The first basic thing to understand is that you are not expected to jump into enlightenment. You have to climb for it; it is higher than you, not lower than you. So at least, one fear you can drop!
And climbing to enlightenment is a simple process. It is not something tortuous, arduous. It is something like peeling an onion: after one layer there is another layer, fresher, younger, juicier, after that layer there are still more juicier layers. And if you go on peeling, finally nothing is left in your hands, because the onion was nothing but layers upon layers. Enlightenment is a kind of peeling of the ego.
It is parallel to the onion because it has no inner substance, only layers. And those layers sometimes slip by themselves; they become old sometimes by accident. If you watch your life, you can see it happening. It is not a theorization. Sometimes you can see that you are not wearing the right mask for the right occasion. When you are expected to smile, you are not smiling; when you are expected to weep, you are not weeping.
I used to live with a distant uncle’s family. His wife died. In fact it is very difficult to find a husband who never thinks that if his wife died it would be good, a good riddance. And my uncle’s wife was certainly a nightmare. In fact everybody was happy that she died, and everybody knew that the husband was happy that she had died, but still the convention, the tradition…
I used to sit in the garden. He told me, “I cannot remain in a miserable posture the whole day long because really I am not miserable. You know it. I cannot hide it from you – twenty-four hours a day you are in the house – but when relatives come, I have to show that I am very miserable.” Not to be caught being happy and at ease, he told me, “You mostly sit in the garden reading, so you can just give me a signal from there that somebody is coming.” So I had to give him signals.

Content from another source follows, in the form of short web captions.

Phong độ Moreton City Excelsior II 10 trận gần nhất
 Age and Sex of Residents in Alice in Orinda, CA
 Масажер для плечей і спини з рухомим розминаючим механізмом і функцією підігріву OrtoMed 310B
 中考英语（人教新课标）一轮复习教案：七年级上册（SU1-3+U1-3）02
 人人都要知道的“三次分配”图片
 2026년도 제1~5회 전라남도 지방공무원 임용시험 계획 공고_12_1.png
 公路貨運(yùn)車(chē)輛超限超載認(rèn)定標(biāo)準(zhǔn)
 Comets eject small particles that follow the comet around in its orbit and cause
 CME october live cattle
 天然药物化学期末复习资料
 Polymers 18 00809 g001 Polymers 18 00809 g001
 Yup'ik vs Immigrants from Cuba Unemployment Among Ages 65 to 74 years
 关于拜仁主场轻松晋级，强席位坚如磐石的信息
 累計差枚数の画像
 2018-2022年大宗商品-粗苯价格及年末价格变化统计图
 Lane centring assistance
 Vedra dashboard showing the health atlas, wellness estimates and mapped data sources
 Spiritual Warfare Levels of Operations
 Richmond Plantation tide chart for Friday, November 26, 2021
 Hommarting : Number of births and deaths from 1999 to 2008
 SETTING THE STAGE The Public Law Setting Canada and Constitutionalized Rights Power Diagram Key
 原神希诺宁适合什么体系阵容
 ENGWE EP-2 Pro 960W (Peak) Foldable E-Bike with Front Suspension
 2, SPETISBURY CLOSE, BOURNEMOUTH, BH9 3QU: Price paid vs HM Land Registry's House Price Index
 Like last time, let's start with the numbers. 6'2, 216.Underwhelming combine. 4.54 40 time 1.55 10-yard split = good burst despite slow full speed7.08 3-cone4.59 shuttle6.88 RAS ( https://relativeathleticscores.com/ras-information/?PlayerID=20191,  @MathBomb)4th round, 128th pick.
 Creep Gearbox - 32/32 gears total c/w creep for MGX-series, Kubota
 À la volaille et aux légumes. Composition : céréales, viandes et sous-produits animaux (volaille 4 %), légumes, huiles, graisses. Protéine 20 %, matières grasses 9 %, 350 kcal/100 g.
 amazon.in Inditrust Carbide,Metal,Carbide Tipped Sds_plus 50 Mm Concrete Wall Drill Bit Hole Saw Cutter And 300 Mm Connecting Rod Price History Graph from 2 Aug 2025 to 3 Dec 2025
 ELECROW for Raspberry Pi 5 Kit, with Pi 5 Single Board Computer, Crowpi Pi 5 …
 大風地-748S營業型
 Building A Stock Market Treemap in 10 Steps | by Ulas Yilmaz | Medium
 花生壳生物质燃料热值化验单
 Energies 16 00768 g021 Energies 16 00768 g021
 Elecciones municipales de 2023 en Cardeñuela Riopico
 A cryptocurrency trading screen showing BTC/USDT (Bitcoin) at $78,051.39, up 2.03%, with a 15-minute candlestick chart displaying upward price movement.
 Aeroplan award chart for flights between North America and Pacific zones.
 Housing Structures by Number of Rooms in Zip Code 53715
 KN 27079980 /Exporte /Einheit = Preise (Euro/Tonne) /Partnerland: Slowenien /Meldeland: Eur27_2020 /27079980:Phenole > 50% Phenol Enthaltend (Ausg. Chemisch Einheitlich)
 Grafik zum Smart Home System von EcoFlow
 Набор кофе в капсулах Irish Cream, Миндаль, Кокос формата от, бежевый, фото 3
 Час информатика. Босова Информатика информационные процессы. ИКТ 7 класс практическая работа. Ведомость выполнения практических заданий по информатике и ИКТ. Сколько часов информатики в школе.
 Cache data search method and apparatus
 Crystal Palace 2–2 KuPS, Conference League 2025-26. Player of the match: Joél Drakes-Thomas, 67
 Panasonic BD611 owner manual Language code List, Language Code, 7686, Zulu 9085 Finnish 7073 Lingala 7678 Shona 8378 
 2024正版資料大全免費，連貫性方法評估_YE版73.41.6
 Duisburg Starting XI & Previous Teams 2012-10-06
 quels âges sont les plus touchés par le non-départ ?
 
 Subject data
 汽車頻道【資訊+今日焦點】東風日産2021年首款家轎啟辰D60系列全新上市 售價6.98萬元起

And the miracle was that the moment I would give him the signal, immediately he would become miserable. Sometimes I would play a joke; I would give the signal and nobody would turn up. And he would be very angry: “This you should not do, because this is a dangerous joke. Sometimes I may think you are joking and somebody may turn up. You have to understand that I should not be caught enjoying myself. In fact I have never enjoyed myself because of this woman! She was such a pain in the neck. And even today, although she is dead, she is torturing me through these relatives – relatives I have not seen for years, relatives I don’t even recognize as relatives. They come and I have to be miserable; whether the relative is real or false, I have to bring tears to my eyes.